Question: what data do we actually observe?
Answer: we observe an infinite dimensional variable, which can carry extra information about how we analyze the scalar (say to estimate the population mean).

Logic:

1. Suppose we believe that if we had applied the same measurement device on all the population, then we would have some non-response. That would then mean that in the actual sample we got, the mere fact that we observed *all the data* is actual information and means that we got a non-representative sample of the population (just from the responders).

2. If we believe that (1) can be true, then we should worry. Reversely, if we do not worry, it implies we believe (1) is false. But there is no measurement device that is a priori guaranteed to work for all units, so we must worry.

3. The key issue now is that we usually think that, by incorporating the indicator of observation in a new column in the data, we believe we have fully described what we observed. But I suggest we have not. This is because we can iterate the logic of (1) now on the “new data”: the fact ={that we observed that we had full responses} is also a nontrivial observation, as long as it is measured with a device that can sometimes be fallible. But when we iterate this logic we conclude that we actually observe an infinite sequence of variables.
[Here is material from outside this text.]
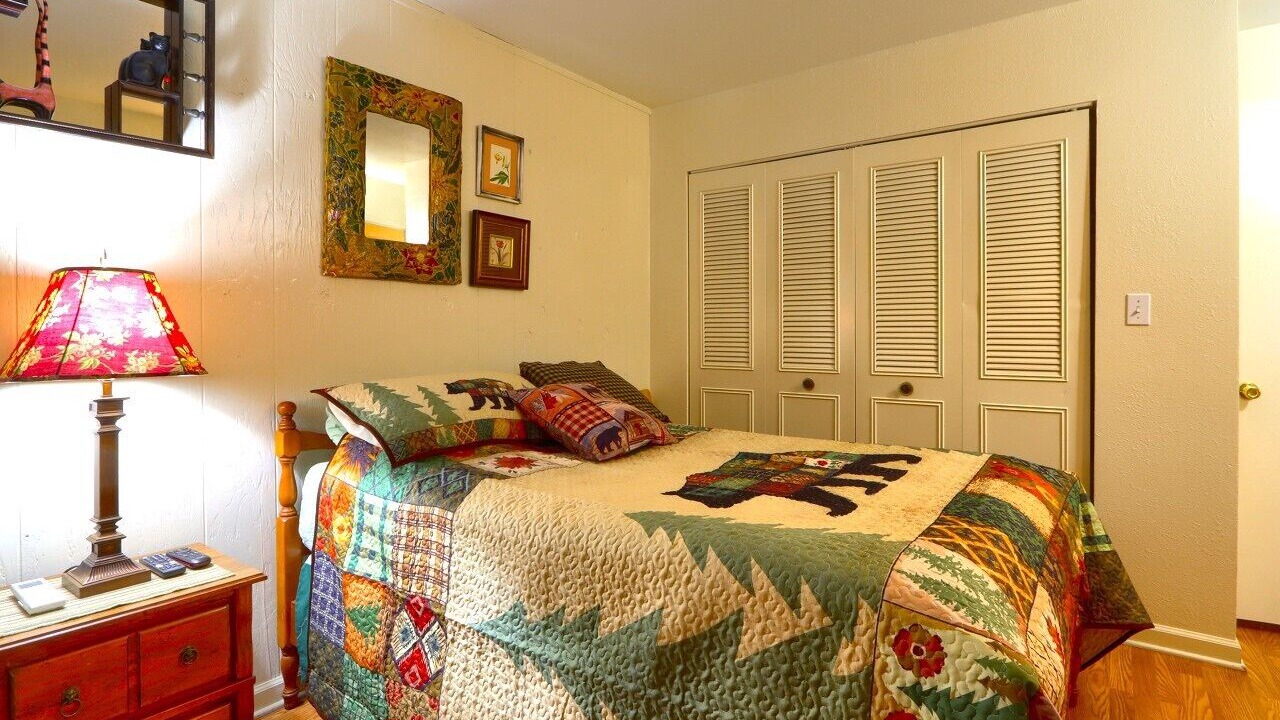 Photo of Bedroom in Oakhurst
This is very much similar to Godel’s argument of incompleteness, applied to statistics if we treat a measurement device is a Turing machine. Its practical implication is that it is extremely important to understand the *variation in how* exactly each and every measurement was made because that variation is extra information **even if (and not only if) we observe all measurements !! **

I didn’t really follow, so I asked Constantine to clarify. He wrote:

Here is an example of the first level.

1. Setting: suppose we are studying the income Y of a city’s population, and Y in truth Y follows a log-normal distribution and we know that. We are to conduct measurements on units, with a measurement device (e.g., an interviewer) that can *possibly* give no response (if it gives response, we assume it is true).

2. Data: we now conduct a simple random sample, and with the measurement *device* we use, we get 100% response in the sample. Also, say with the data we get an MLE{median pr(Y)}=$54K and the MLE(SD(log(income)) i.e. among all response sample)=0.43, or MLE(SD(income))=$27K;

Question: Should we worry about non-response even if we got full response ?
Answer: The answer is YES, because we would get a DIFFERENT RESULT than $54K under some consideration of non-response, EVEN IF WE GOT FULL RESPONSE.

3. Example: What can that consideration be, and what answer could we get ?

Suppose that if the *same measurement device had been applied to all the population*, we would have gotten 20% non response (R=0). Moreover, suppose that this nonresponse depends on the outcome in the sense that the ratio of the median income among responders versus non-responders is .7, which occurs because all incomes < median respond, but a random 60% of the incomes > median respond. Suppose also we know this – this gives a model for pr(R|Y).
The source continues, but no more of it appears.